Washington Post, “Move Over, Sunny and Bo. A New Breed of Presidential Dog May Be Coming in January,” Oct. 28, 2016
Donald Trump and his family do not seem to have any pets — there’s no cat fur on those gilded chairs of his Manhattan penthouse, and no dog walker leading a Trump pooch out for walks in nearby Central Park.
Dave Baker, co-owner of the Presidential Pet Museum, figures Trump would acquire one because every president since Teddy Roosevelt has, although the GOP candidate has shown little interest in otherwise conforming to the norms of presidential aspirants….
But he is all about branding, so the question of breed would surely be important. “Would he go with something regal, like a greyhound?” Baker wondered. “Something protective, like a German shepherd, or something more down-to-earth, like a Labrador retriever?”
The New York Times, “A President’s Best Friends Often Have Four Legs,” Sept. 30, 2016
The Presidential Pet Museum — such as it is — exists as a website full of information and pictures, plus a motley collection of memorabilia currently in storage.

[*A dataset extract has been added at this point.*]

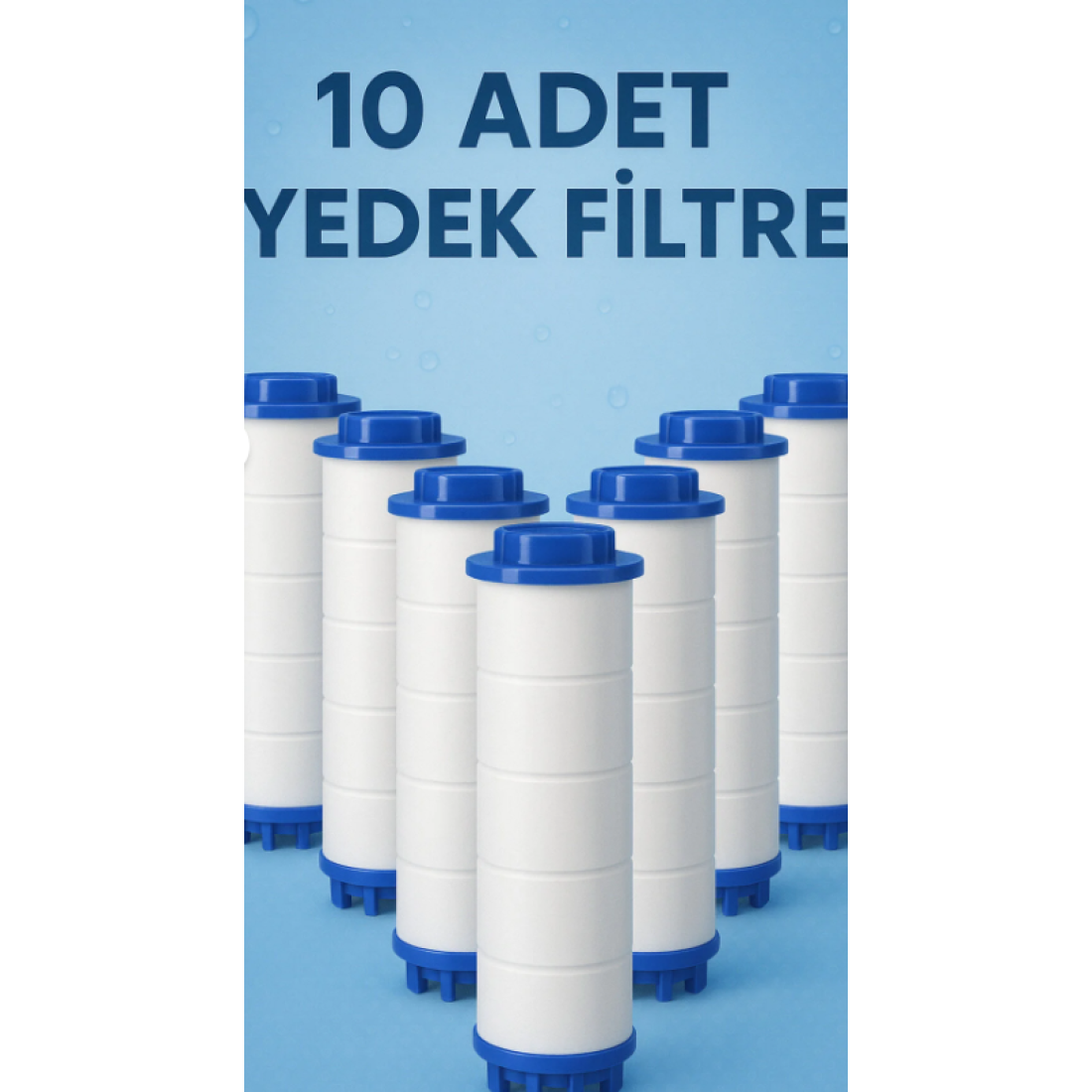 NOY Filtreli Duş Başlığı UYUMLU Yedek Filtresi Kireç Kir Pas Önleyici 10 Adet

The items were lovingly collected and curated by Claire D. McLean, a retired dog groomer who took care of President Ronald Reagan’s bouvier des Flandres, Lucky.…
Ms. McLean, who is no longer able to operate the museum, and [co-owner] Dave Baker, who has other things to attend to, are trying to sell the website and artifacts in an online auction, so far without luck.
National Geographic, “Wacky Presidential Pet Relics for Sale (Like a Socks the Cat Doll),” July 26, 2016
One of the oldest items is the cowbell supposedly worn by President William Taft’s pet Pauline Wayne—the last cow to graze on the White House lawn.
“It hasn’t been authenticated,” cautions Baker….
Yet to modern museum-goers, the authenticity of the cowbell might not be as interesting as learning that cows (and sheep and other animals) once roamed the White House lawn. In fact, it isn’t always the items themselves but the stories the museum holds that make it an interesting package.
People, “Entire Presidential Pet Museum Started by White House Dog Groomer Now Up for Auction,” July 20, 2016
The Presidential Pet Museum, started by former White House groomer Claire McLean, first began in 1985. That was the year McLean’s mother painted a portrait of Ronald Regan’s dog Lucky, which McLean, now [almost] 83, completed by adding actual pieces of fur from the black dog’s coat to the canvas.
This single painting inspired McLean to capture the nation’s love for all of the First Pets in one place….
McLean has decided to auction off her creation…. The auction on Flippa.com, which includes all of the museum’s belongings and its website, currently sits at $4,500 — a steal for all the history included in the sale.
ABC News, “Presidential Pet Museum Started by White House Dog Groomer Up for Auction,” July 19, 2016
For 15 years, Claire McLean cultivated and shared a sentimental part of American history: the pets of presidents….
But now it’s up for grabs: from the website to the bronze statue of Barney the terrier, the Presidential Pet Museum is looking for a new owner….
The photographs, paintings and artifacts remain with Claire McLean, now [almost] 83 years old, awaiting their next debut. Just recently, that included a private showing for McLean’s fellow residents in her retirement home.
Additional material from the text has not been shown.